Terrace was charged by the Environment Protection Authority (EPA) with two offences under section 143(1)(a) of the POEO Act for the alleged unlawful transport of waste to the property. The director of Terrace was also charged with an identical offence under the POEO Act. Each of the parties pleaded not guilty to the charges.

Two different definitions of "waste" due to legislative amendment

The court held that "transport" of waste in section 143 of the POEO Act means to take or carry from one place to another. The first element of the offence, being the transportation of a substance is complete when is it transported to and arrives at a "place". Secondly, the substance transported must be categorised as "waste" within the POEO Act at the time of transportation.

Section 143 of the POEO Act was amended on 1 May 2006 which meant that there were two different definitions of "waste" before and after 1 May 2006 which applied to Terrace.

Was the material categorised as waste before 1 May 2006?

Up until 1 May 2006,"waste" had two different meanings in section 143 and the Dictionary of the POEO Act. The court found that the definition within section 143 applied, which meant that waste included "any unwanted or surplus substance (whether solid, liquid or gaseous)" and that "a substance is not precluded from being waste merely because it may be reprocessed, reused or recycled".

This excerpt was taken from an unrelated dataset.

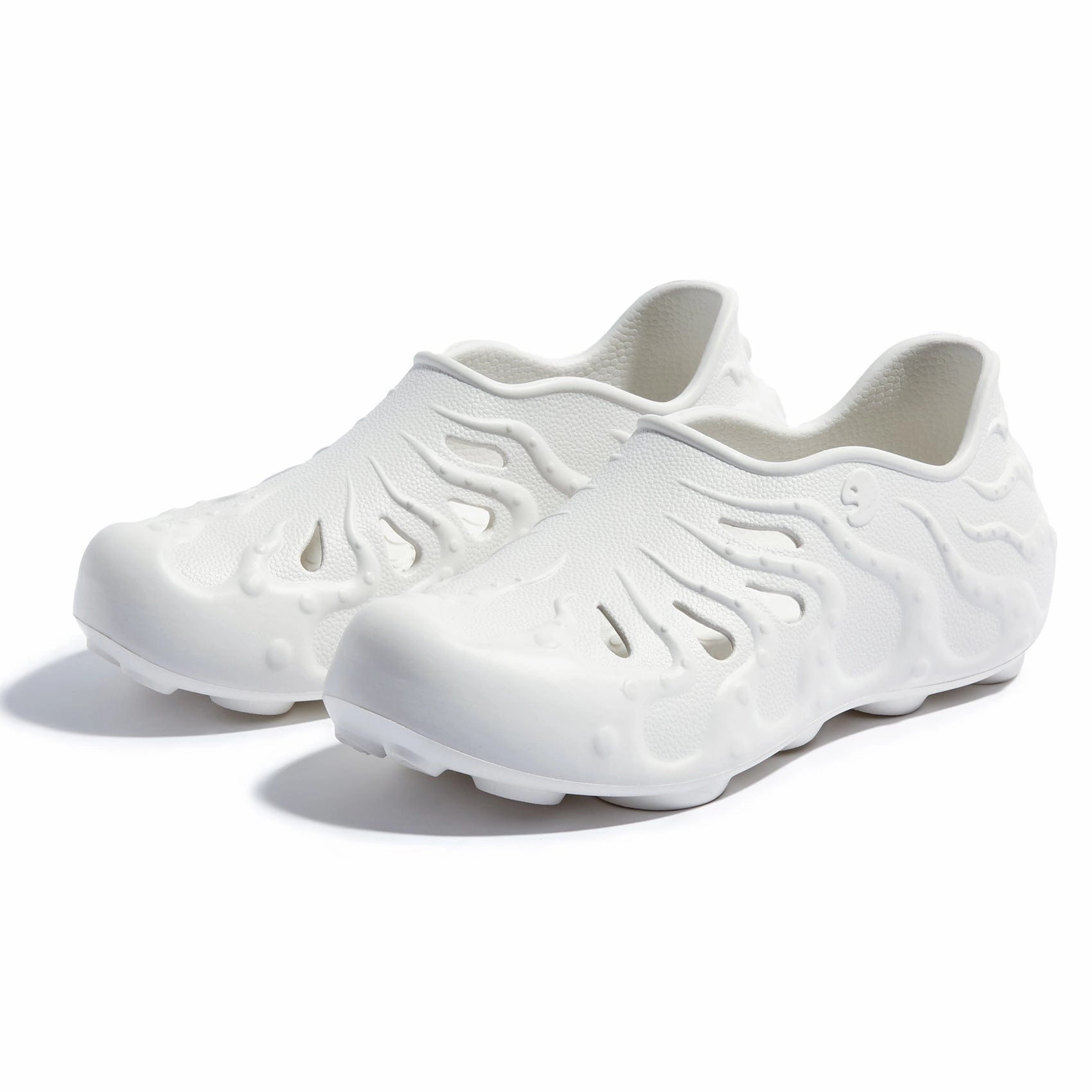 Bright-Moon White Octopus II Women Closed Toe And Heel Sandals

Having regard to this definition, and the definition in the Macquarie Dictionary of "waste", the factors relevant for consideration were:

• the nature of the substance

• whether there is an identified demand for that substance

• circumstances in which the substance is obtained and removed from its source

• whether the substance is being transported to a place at which it is intended to be used for the purpose for which demand for the substance has been shown

• the period of time that elapses or is expected to elapse after the substance is transported to the place of its intended use before it is put to that use

Applying the above, the court was not satisfied on the facts that the material at the time of transportation was "waste" within the meaning of the POEO Act. This was for various reasons, including that the materials were identified as having a construction function and were set aside at their site of origin, loaded separately for transport, were wanted and used for the purpose for which they were in fact used, they were good and reusable sale items and excellent for a road base.

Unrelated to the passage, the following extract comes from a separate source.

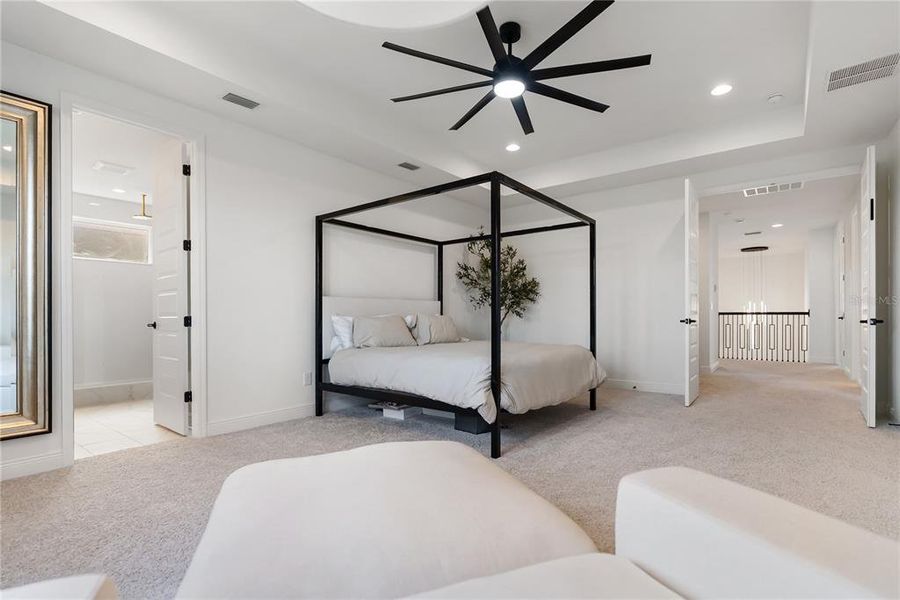 Furnished interior view inside a new home in , Bradenton (Image 33).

Was the transported material waste after 2 May 2006?

After 1 May 2006,"waste" was defined differently in the Dictionary of the POEO Act, including:

(a) any substance (whether solid, liquid or gaseous) that is discharged, emitted or deposited in the environment in such volume, consistency or manner as to cause an alteration in the environment, or (b) any discarded, rejected, unwanted, surplus or abandoned substance.

The court found that an "alteration to the environment" was directed at an action taken in respect of material, such as discharge or emission. As the offence involved the transportation of "waste" from its source to its destination, it did not involve the discharge, emission or deposition of material at the property. Secondly, as there were similarities in the definition at (b) above with the former definition of waste in the POEO Act, the court confirmed its view that the material was not waste.

EPA did not prove beyond reasonable doubt that the transported material was waste

As the EPA did not prove beyond reasonable doubt that the material transported during each charge period was "waste" within the POEO Act, a verdict of not guilty was required. The EPA requested that the court refrain from entering formal verdicts in the proceedings, so that it could exercise its right to submit any question of law to the New South Wales Court of Criminal Appeal.

As a result, the proceedings have been stood over to enable the prosecutor to make any such application, failing which, the court held that verdicts of not guilty would be required to be entered in all four proceedings. No formal orders have yet been made, but the court's interpretation of the events and the appropriate consequences would appear to represent a triumph of logic over legalism.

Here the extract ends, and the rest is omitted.